To eliminate stochastic effects during NN training, we trained each architecture 20 times till loss converged (3000 epochs for FDN-RNN, 1000 epochs for other architectures). Figure 8 depicts the training history of different architectures discussed in the previous sections. In Figure 5, FDN-OPT (black lines) claims the lowest training loss on average, as shown in (b). FDN-FULL/ADS (blue lines) and FDN-FULL/ANGLE (magenta lines) perform alike, as well as FDN-FULL. Loss curves of those 4 architectures are similar in Figure 8, which strengthen the argument that prediction performances are almost of the same order as shown in Table 5. Average loss of FDN-CNN is greater than those 4 architectures but obviously much better than FDN-RNN. The reason performance of FDN-CNN being close to FDN-FULL might be that input data was arranged in a form temporal information had been included (see Section 3.3). Loss of FDN-RNN decreases much slower than any other architectures as is expected, as its prediction performance is worst in Table 5.

(a)

(b)
Both Figure 8 and Table 5 show that FDN-OPT is the most size-performance balanced one among all studied in this work; we adopt this architecture for IMU for detection task.
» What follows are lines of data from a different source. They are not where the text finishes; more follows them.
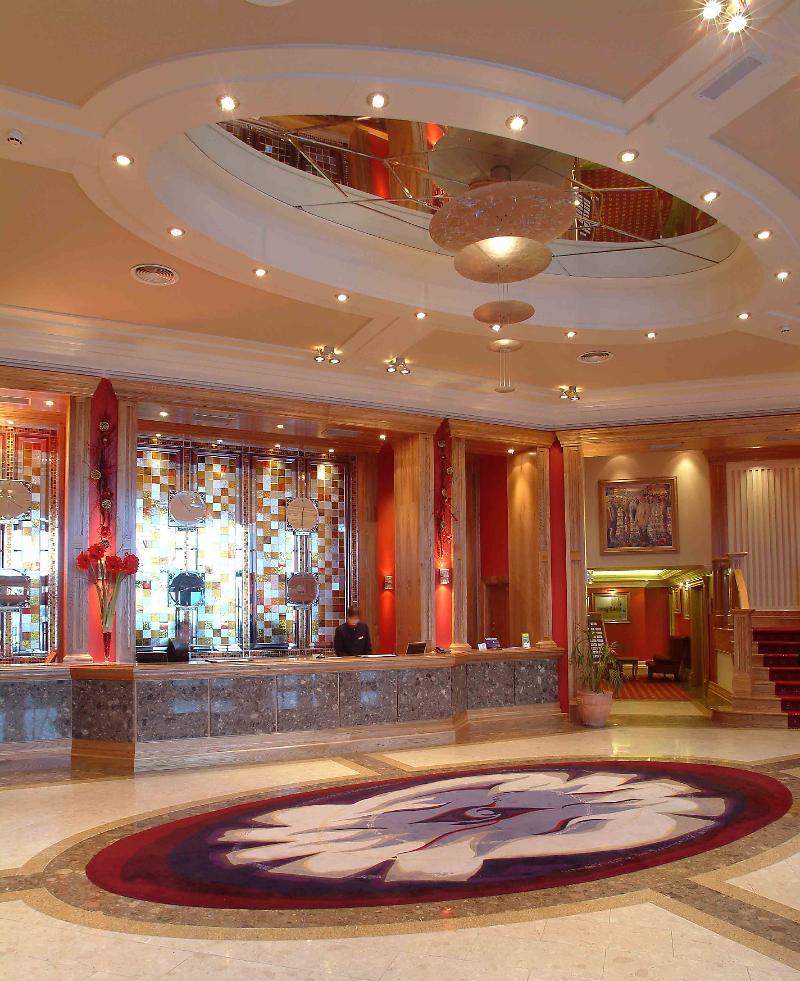Talbot Hotel Carlow Exterior photo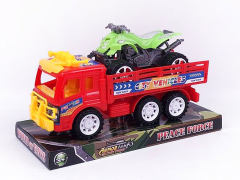 Friction Tow Truck(2C) toys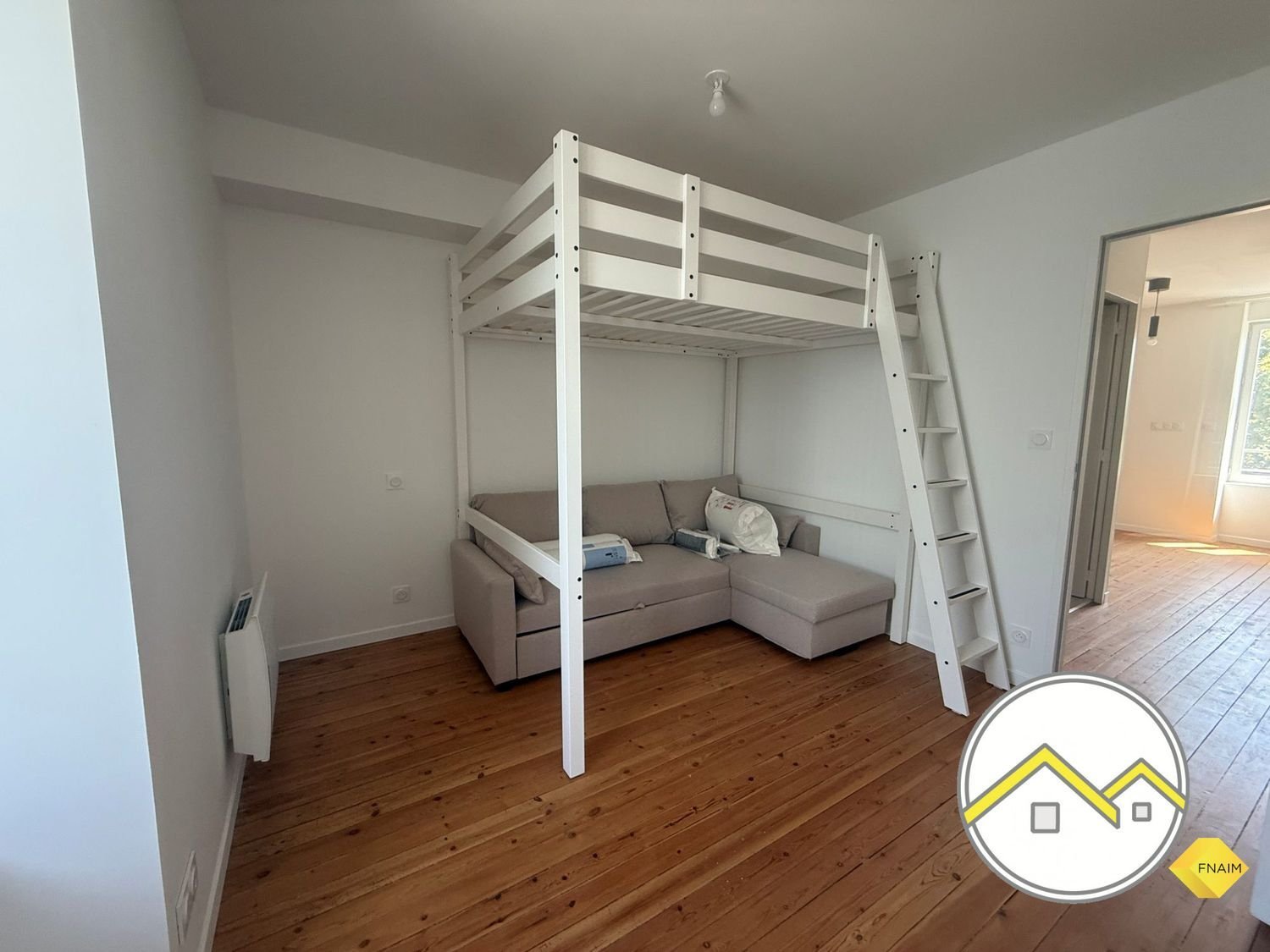 Appartement à louer, 25m², Châteaubriant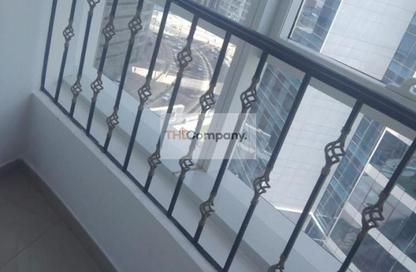 Apartment - Studio - 1 Bathroom for rent in Hydra Avenue Towers - City Of Lights - Al Reem Island - Abu Dhabi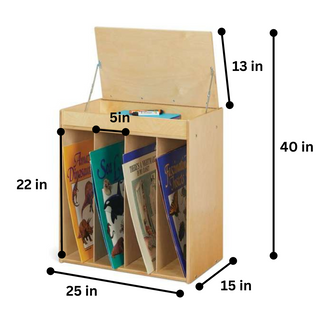 Young Time Big Book Easel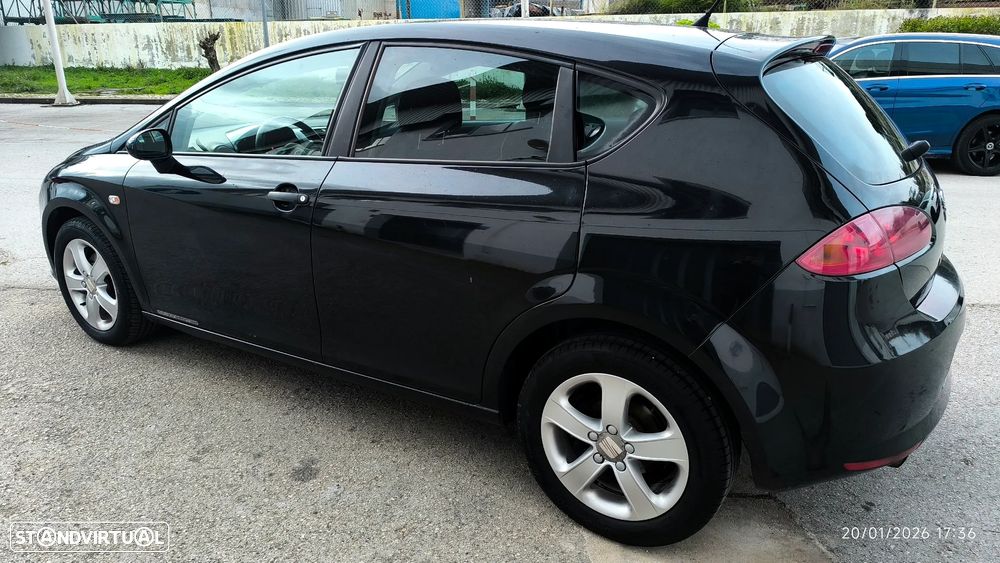 SEAT Leon 1.9 TDI Eco Drivers Edition - 23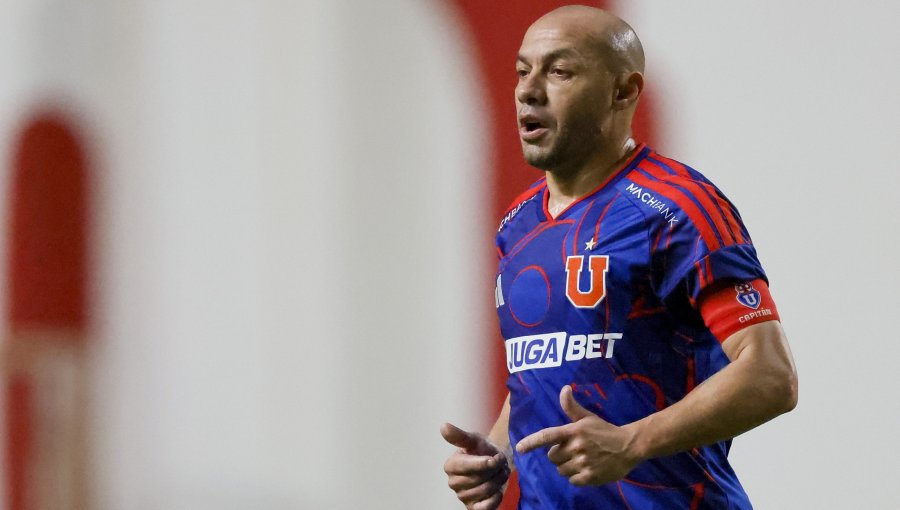 Marcelo Díaz confesó uno de sus deseos más personales: "Ojalá que mis cenizas sean tiradas en el estadio de la U"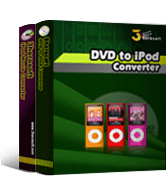 3herosoft DVD to iPod Suite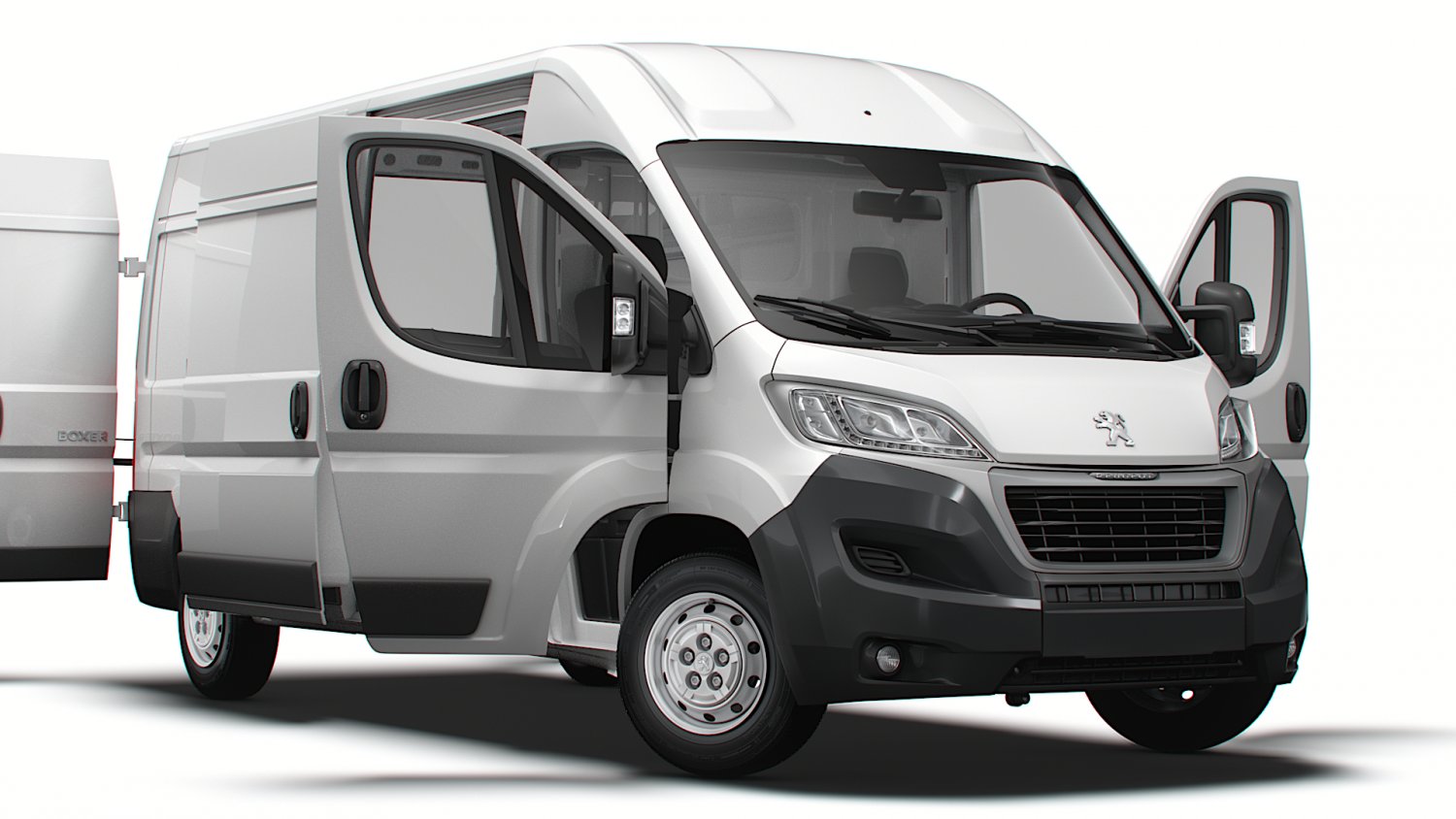New PEUGEOT Boxer: New Qualities At The Service Of Business, 46% OFF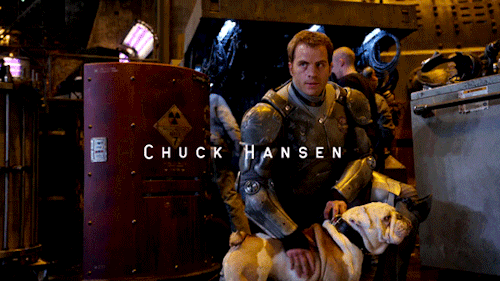 Happy 16th Birthday Chuck Hansen (14.08.2003)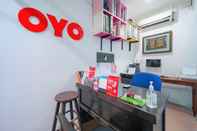 Sảnh chờ OYO 89850 Mutiara Motel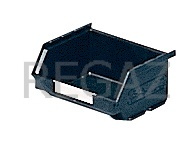ESD zkosený stohovací box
Architecture of the optimized FDN-OPT is depicted in Figure 9.

5. Conclusion
A CNN-LSTM-fusion fault detection network (FDN) is proposed for aircraft IMU fault detection. Flight data measured by Inertial Measurement Unit (IMU) including angular speed (AS) and acceleration (ACC) are used as inputs to the FDN and fault cases as output. We simulated different aircrafts with various flight conditions to guarantee data diversity, and testing sets were data extracted from flight data that was not adopted in the training process. Testing results were satisfying for 3 different aircrafts (trained and validated with large cargo Y and general aviation D, tested with large passenger B) simulated in different flight conditions (low-altitude LTO, high-altitude AP cruise, and low-altitude manual free flight), which means the FDN developed in this paper is robust to flight conditions and potentially scalable for different types of aircrafts.
Data Availability
The data used to support the findings of this study are available from the corresponding author upon request.
Conflicts of Interest
The authors declare that they have no conflicts of interest.